The worst possible thing you can do is try to measure everything. If you go through and add over a hundred measurements to your app, you will easily be inundated with data and likely overwhelmed with the amount of things to fix, also known as paralysis by over analysis. Simplify. Simplify. Simplify.
Here are the three things that I would make sure to measure:
1. What is my product’s value proposition?
Unfortunately, there is no prescription event to track for this section, as it’s truly unique to every product. The primary question you’re asking yourself here is: how do I know if someone has used my product? Converting to signup but never making it any further is not a real user of your product, unless your product was just a registration form.
This is best illustrated by example. I recently launched a product called Sweep for iOS 8. The core premise was that users could quickly go through their photos on their phone and delete the duplicates. For this app, I tracked the actual photos swiped through and cleaned up. If a customer made it through 10 or more clusters of photos, I would consider them a user. According to my metrics, I’ve had around 4000 installs, but my tracking would indicate that I’ve had about 400 real users. Obviously, a 10% conversion from download to actual use is pretty poor, but mind would immediately begin racing to all the things I could do to try to get more people engaged with the actual value proposition.
2. Attribution – Where are my users coming from?
The knowledge of where your users are coming from, and the ability to split out product use by origin is incredibly important for determining your pathways for growth. For example, let’s say you’ve been spending all your time trying to woo the press to write articles about you and your product. If you have a mechanism for determining how many new installs came from a particular press article, and you combine this with the data from section one, you might learn that press actually generates a lot of installs of people who never use the product.

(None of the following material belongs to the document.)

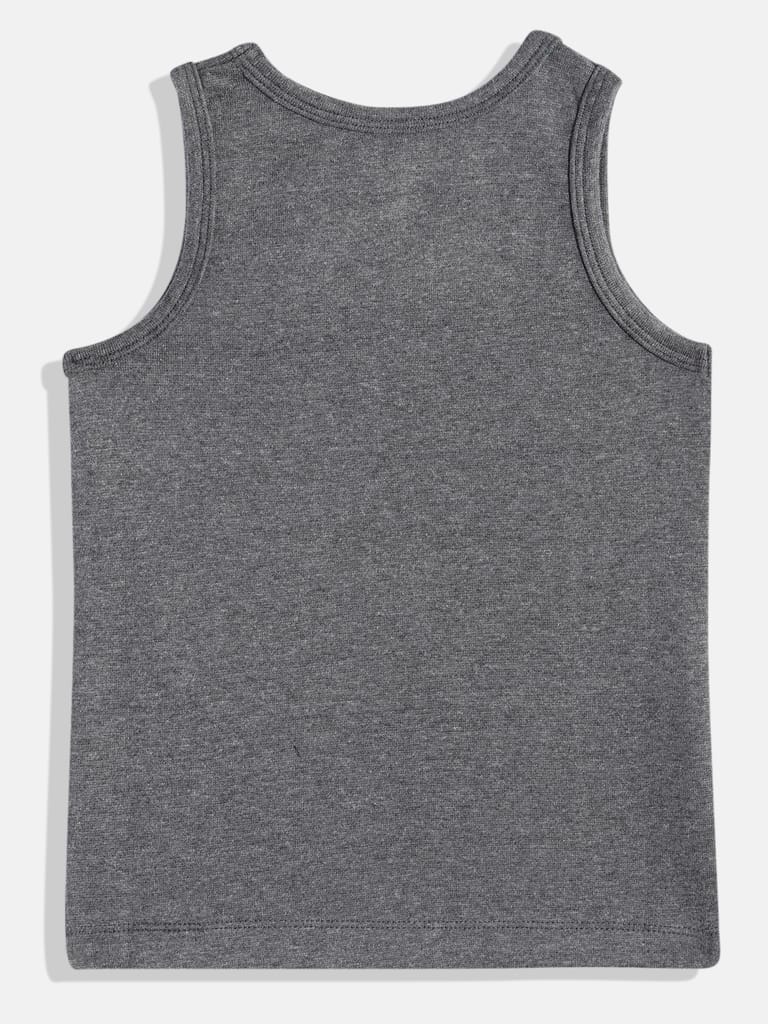 Boys Grey Pure Cotton Vest T Shirt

This install origin data was extremely hard to track before companies like Branch. Now, using the service, you can use their links for everything from marketing campaigns to sharing features in your app, to map out the source of all of your installs. Tie the install source to the actual value proposition of the user to know the value of each growth channel.
3. Retention – Do people continue to use my product over time?
Lastly, this isn’t absolutely necessary to track in your first release, but will become much more important as time passes. You’ll want to measure how often each user comes back, and the time between sessions. This will give you an idea of retention at the daily, weekly and monthly level. Retention is the most difficult metric to achieve, as it means that a person actively thinks about your service and reopens the app. This means that the person actually changed their behavior and went out of their way to interact with your product.
However, since this metrics implies that you have users to actually be retained, I recommend focusing on the first two before worrying about retention. It’s great to start measuring it as early as possible, so that you can see the effects of your early efforts around the growth and value proposition metrics.
Now you’ve got the data you need to make informed and well prioritized decisions about where to spend the next development time. Every single decision you make about the product and its features going forward should be done with these 3 numbers in mind. If your engineering efforts are not going to drive improvement to one of the above metrics, you should reevaluate your priorities. Additionally, with every feature added or improvement mad, you should go out of your way to know the individual impact on each of these three metrics. They are the only real numbers that will determine how successful your product is.